Music is at the heart of Blitz, exclusively shown as shorthand for connection in the face of prejudice. This broad, saccharine message signals that this is McQueen’s most unashamedly populist work yet, although that’s hardly to its detriment––this is a director making a hopeful, family-focused feature for the first time, and he’s unashamedly aiming for the lofty highs of Spielberg’s tear-jerking, child-centered dramas, albeit with mixed results. Our young protagonist is George (Elliott Heffernan), a 12-year-old boy at the outset of Nazi Germany’s London-bombing campaign whose mother, Rita (Saoirse Ronan), is holding out on making him evacuate the city. But this is during the earliest stages of the Blitz, before London’s underground tube network was opened at night for people to shelter from the bombs; after one near-escape from certain death, George is reluctantly sent away.
Angry at his mother and refusing to say goodbye, it’s not long after George’s train leaves the city that he aims to escape the carriage and head back home to apologize. This starts a series of episodic adventures as he sets his sights on returning home––bonding with a group of rebellious brothers in an escapade straight out of an Enid Blyton novel, or falling in with a group of Oliver Twist-esque adult criminals (led by Stephen Graham and Kathy Burke) who need the help of a young person to sneak into burnt-out buildings and steal the jewelry of the deceased.
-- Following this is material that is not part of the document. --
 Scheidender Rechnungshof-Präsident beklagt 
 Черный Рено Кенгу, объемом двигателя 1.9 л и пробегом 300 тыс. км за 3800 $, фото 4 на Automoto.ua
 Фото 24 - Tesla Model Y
Although McQueen has labeled the film “war as seen through a boy’s eyes,” the number of mounting narrative obstacles keeping him apart from his mother are far more heightened than such a grounded elevator pitch would suggest; still it’s a far cry from the video-game-maximalism of the slightly more adult 1917. It’s the clearest sign McQueen is aiming to teach a new generation about this period of British history, all while being overly self-aware that children and teens need more excitement to stop Blitz from feeling like the kind of movie that would only ever be shown in a classroom.
But this is a feature, not a bug, and such approach allows the writer-director to vividly bring to life all the nooks and crannies of the city during this era, from the factories to the deteriorating tube stations and bombed-out landmarks, each frame rich with detail without ever lingering too long to congratulate itself on the historical accuracy. It’s perhaps why the screenplay feels disappointing in comparison, with one of the lesser-explored themes in WWII fiction depicting this period––the racism faced by Black Brits and immigrants––frequently highlighted yet never explored in-depth. There’s a bluntness to the unrelenting racism George is on the receiving end of, or bears witness to, which one character even verbalizes as being the mentality of Hitler’s Germany, not Britain.
That speech effectively brushes any further discussion under the carpet––perhaps a sign McQueen was aiming for a more mainstream appeal, not wanting to start a knottier conversation about the similarities in social attitudes between the two opposing countries in the War. It’s Blitz‘s biggest missed opportunity, especially as elsewhere it feels far more comfortable addressing facts that are more romanticized in the history books (e.g. tube stations remaining closed for long stretches of the bombing campaign, something retroactively brushed over). Let’s not forget Darkest Hour, in which Gary Oldman’s wartime Churchill shelters with a multicultural slither of the public in the subway, rewriting history alongside the pervasive racism of this time in the process. There’s a stronger film inside Blitz that acts as a far more excoriating corrective to this nostalgic reimagining of an infamously dark period for the country––McQueen just can’t find a way to make that palatable through his young protagonist’s eyes.
As a blockbuster adventure, Blitz has far more historical texture and a significantly less-romantic outlook than you’d expect from an unashamedly mainstream British drama. Even without that romanticism, it’s the most hopeful movie he’s made; Blitz is also the one most lacking for greater depth.
Blitz premiered at the 2024 BFI London Film Festival, will close the 62nd New York Film Festival, and will open in the U.S. and UK on November 1 before coming to Apple TV+ on November 22.